The truly shattering statistic is the drop in overall customer satisfaction with broadband service/speed/support (I haven't read the full Choice article yet) from a dreadful 42% to an absolutely abysmal 29%; it's a terrible condemnation of all broadband providers - even allowing for the fact that Telstra provides around 85%+ of all ADSL services either directly via BigPond or via tail circuits supplied to wholesale buyers (thus contributing to the cost problems and, increasingly, some speed and reliability issues).
I wonder whether there is any other product/service offered in Australia that 70% of the users are dissatisfied with?
I actually wonder whether there is such a product/service anywhere in the 'Western World'?
Before either I, or anyone else responsible for delivering broadband services, goes outside and cuts their throats, you have to wonder at another little gem from this article:
"Despite the negative perceptions, 90 per cent of those surveyed had not changed their provider in the past year"
Huh???
Only 14% of the 71% (presumably the 29% who were satisfied didn't change suppliers) that were dissatisfied with their broadbad service actually changed to another provider????
Perhaps the survey questions were skewed to elicit negative responses? ........mmmmmm.....probably not.
Perhaps broadband users are totally unreasonable people who expect far too much?.....mmmmmmm....could be part of the reason.
Maybe it means there are so many lock ins on long contracts and so many of the dissatisfied are new users of the complexities of broadband (the article also says: "In two years, dial-up use has dropped from 47 per cent to 8 per cent) that their dissatisfaction is of their own causing as they grapple with the greter complexity of broadband and they aren't moving because their contract termination conditions don't make that financially viable......yup.....a little more likely....probably much more likely.
What is very certain, in simple commercial terms, is that if any commercial enterprise was supplying a product/service with which 71% of its customers were dissatisfied it would be out of business within a few months.
Maybe all this latest survey shows is that given the opportunity of complaining the human race will do that.
Now where's that patch of really soft sand.......?

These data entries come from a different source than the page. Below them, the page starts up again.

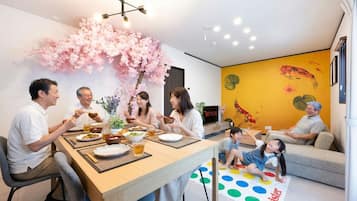 A dining area with a table set for a meal, surrounded by chairs, and a sofa in the background.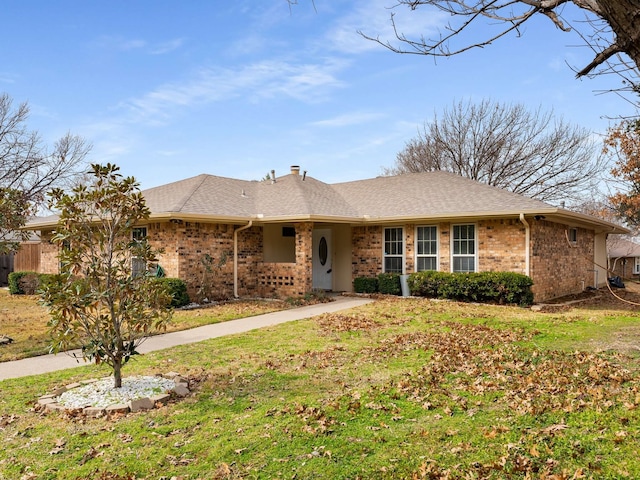 ranch-style home with a front lawn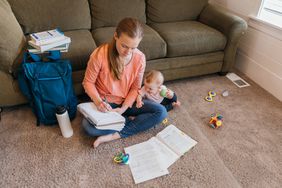 Mother working with a paper notebook on living floor, infant beside her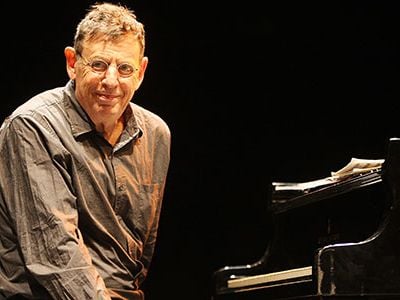 Born on January 31, 1937 in Baltimore, Phillip Glass began studying music at age 6.
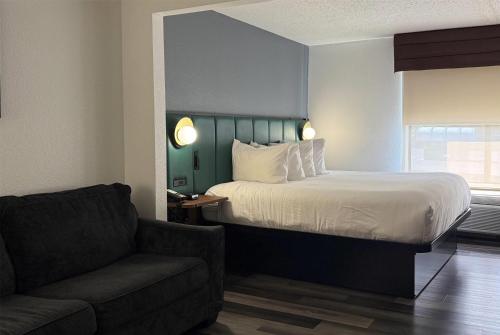 a bedroom with a bed and a couch and a chair at Wingate by Wyndham Airport - Rockville Road in Indianapolis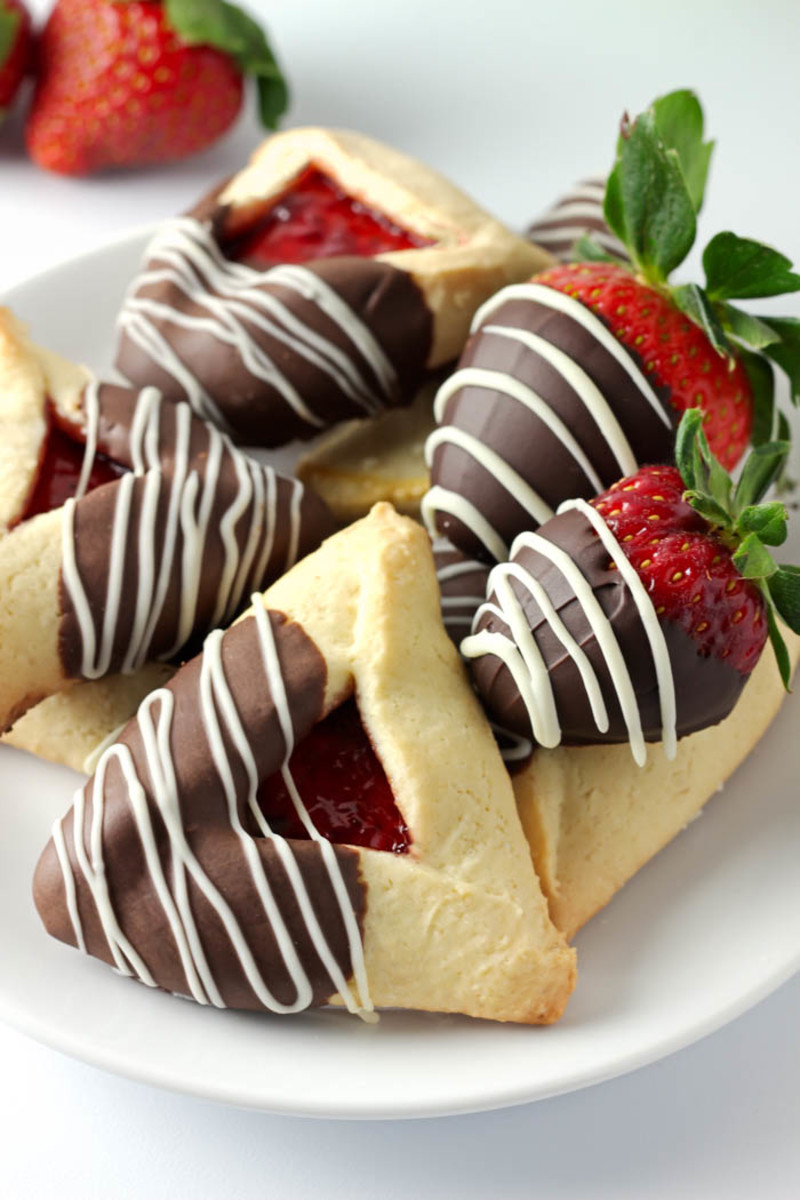 Decorated hamantaschen served with chocolate dipped strawberries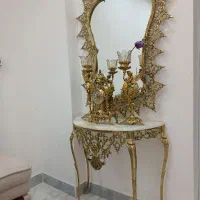 اینه شمعدان و ساعت رومیزی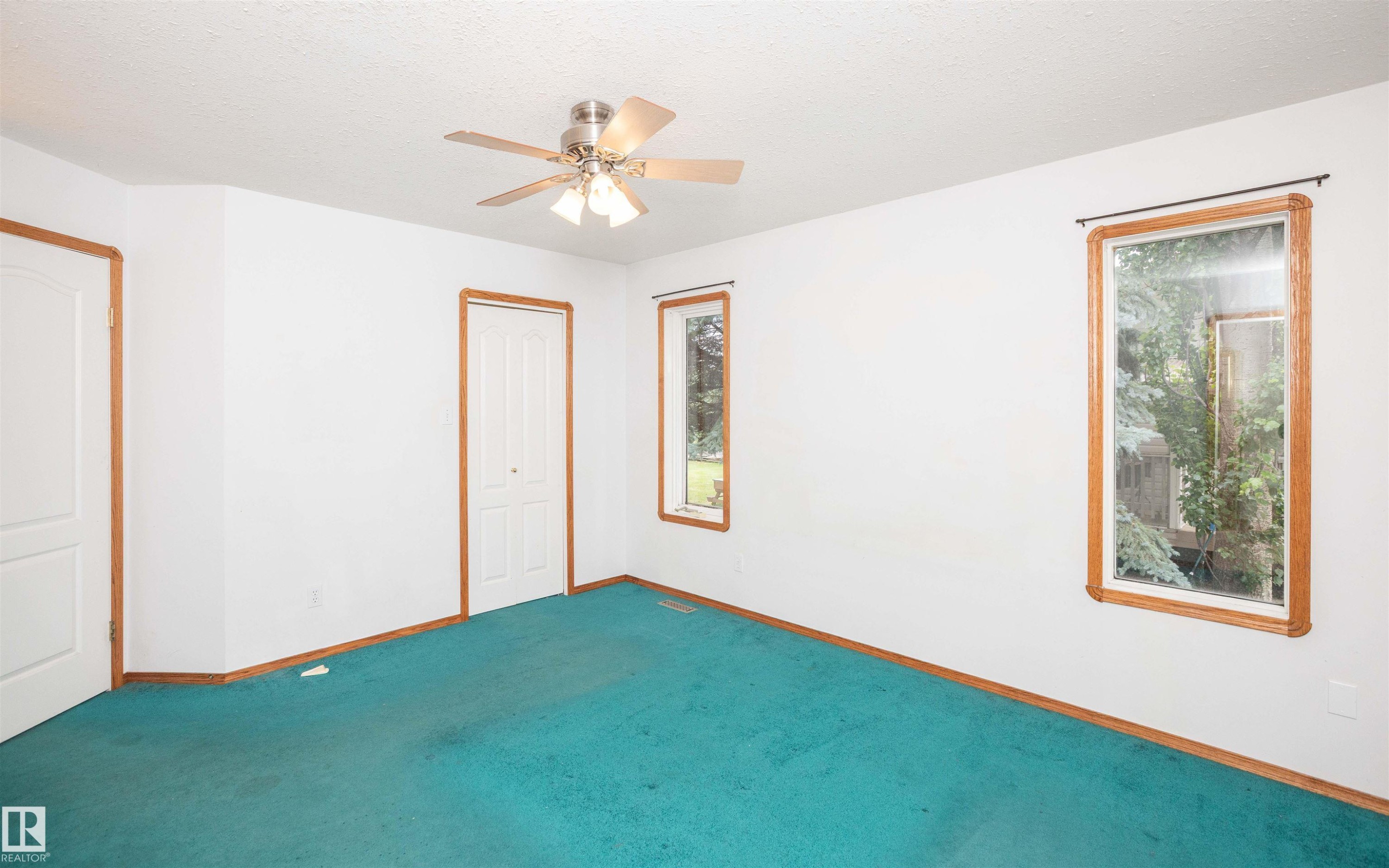 Spacious room featuring a ceiling fan with integrated lighting, wood-trimmed windows, and a vibrant teal carpet - 5116 51 Avenue, Pickardville, AB - Indoor Photo Showing Other Room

PS: Alternatively - if Telstra and Optus stopped wasting millions of dollars every month on advertising and giving away modems and activation fees they could use that money to provide better networks that didn't generate so much dissatisfaction? ....but where's the fun in giving money to engineers to waste on additional circuits when you can be wined and dined by pretty girls with curvaceous figures and come hither smiles?